/ur

import remote Python and Jupyter notebook files, from GitHub Gists, the local filesystem, or arbitrary URLs

Primary LanguagePythonBSD 3-Clause "New" or "Revised" LicenseBSD-3-Clause

ur

Import remote Python files and Jupyter notebooks, from GitHub Gists, the local filesystem, or arbitrary URLs:

Import From
Gists URLs Local files GitHub GitLab
File Type Notebook (.ipynb)
Python (.py)

Install:

In a shell:

pip install ur

In a Jupyter notebook:

from sys import executable as python
!{python} -m pip install ur 

Usage

Import GitHub Gists

Import several notebooks and Python files from a Gist:

from gist._1288bff2f9e05394a94312010da267bb import *
a_b.a(), a_b.b(), c.c()
Cloning https://gist.github.com/1288bff2f9e05394a94312010da267bb.git into .objs/Gist/1288bff2f9e05394a94312010da267bb/clone





('aaa', 'bbb', 'ccc')

(note the leading underscore in the import statement, which is necessary when the Gist ID begins with a number)

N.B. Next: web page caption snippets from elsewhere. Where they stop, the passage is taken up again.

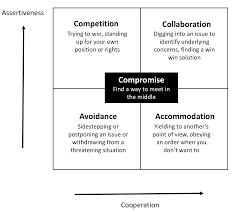 Conflict Management Modes Conflict Management User Story Mapping Conflicted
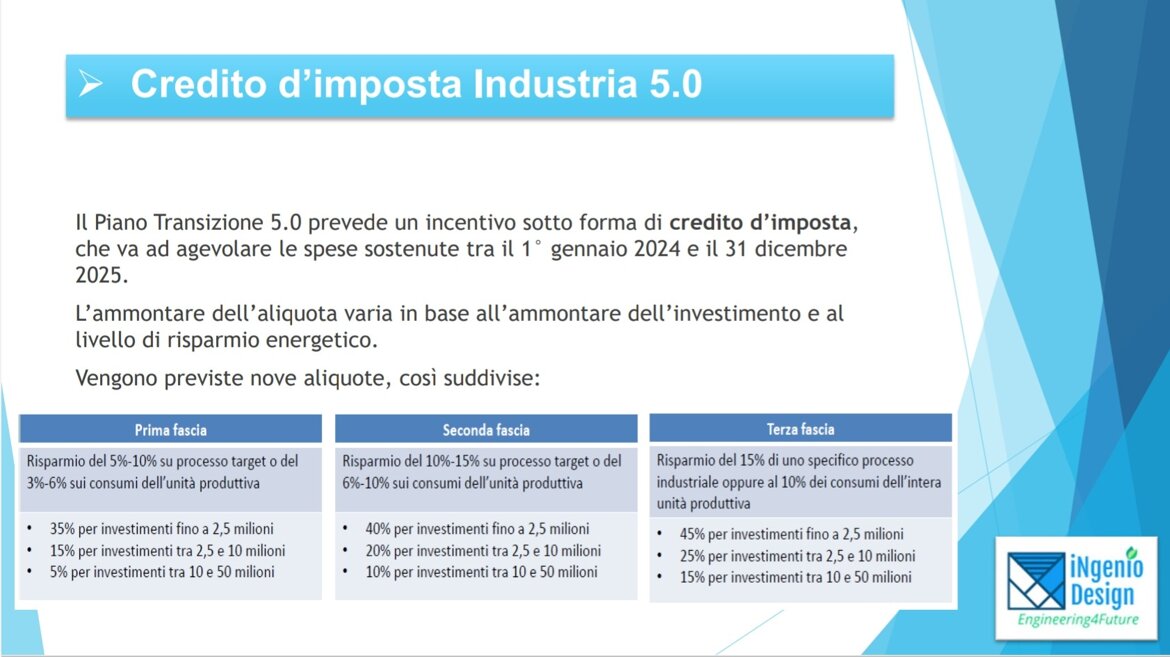 1b7a23d2-dc65-4d4b-935d-49d2c76ff177 1b7a23d2-dc65-4d4b-935d-49d2c76ff177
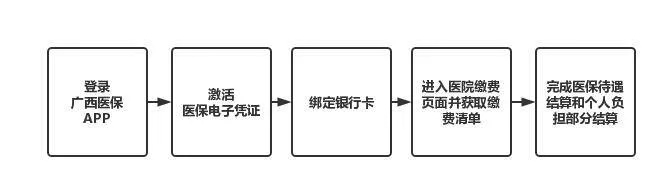 广西可以医保怎么取现吗？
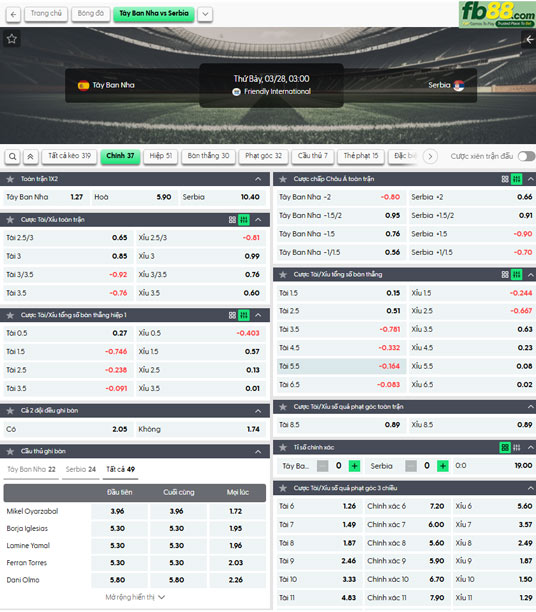 fb88-thong-so-tran-dau-Tay-Ban-Nha-vs-Serbia-28-03-2026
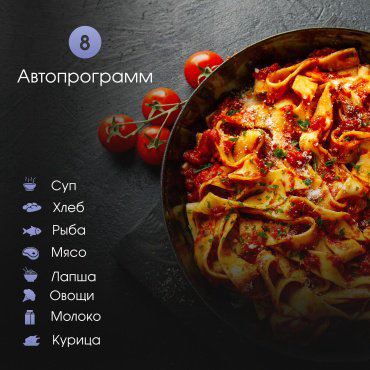 Микроволновая печь Zigmund & Shtain BMO 22 W белый купить,NaN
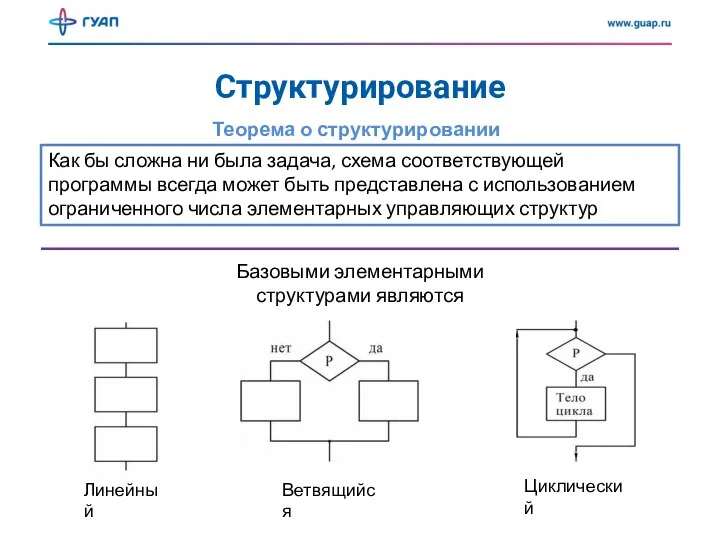 Структурирование Теорема о структурировании Как бы сложна ни была задача, схема соответствующей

Import from GitHub, GitLab Repos

Import some helper functions (in this case, various wrappers around subprocess functions) directly from a notebook on GitHub:

from github.ryan_williams.jupyter_rc.process import *
lines('echo','yay')  # wrapper around subprocess.check_output that asserts and returns a single line written to stdout
Cloning https://github.com/ryan-williams/jupyter-rc.git into .objs/Github/ryan-williams/jupyter-rc/clone
Running: echo yay





['yay']

Importing from GitLab also works; here we import a cd ("change directory") contextmanager:

from gitlab.runsascoded.dotfiles.jupyter.cd import cd
from pathlib import Path
with cd('examples'): print(Path.cwd())
Cloning https://gitlab.com/runsascoded/dotfiles/jupyter.git into .objs/Gitlab/runsascoded/dotfiles/jupyter/clone
/github/workspace/examples

(gitlab.com notebook)

Import arbitrary URLs

The ur module exposes a powerful API for importing code from {local,remote} {.py,.ipynb} files.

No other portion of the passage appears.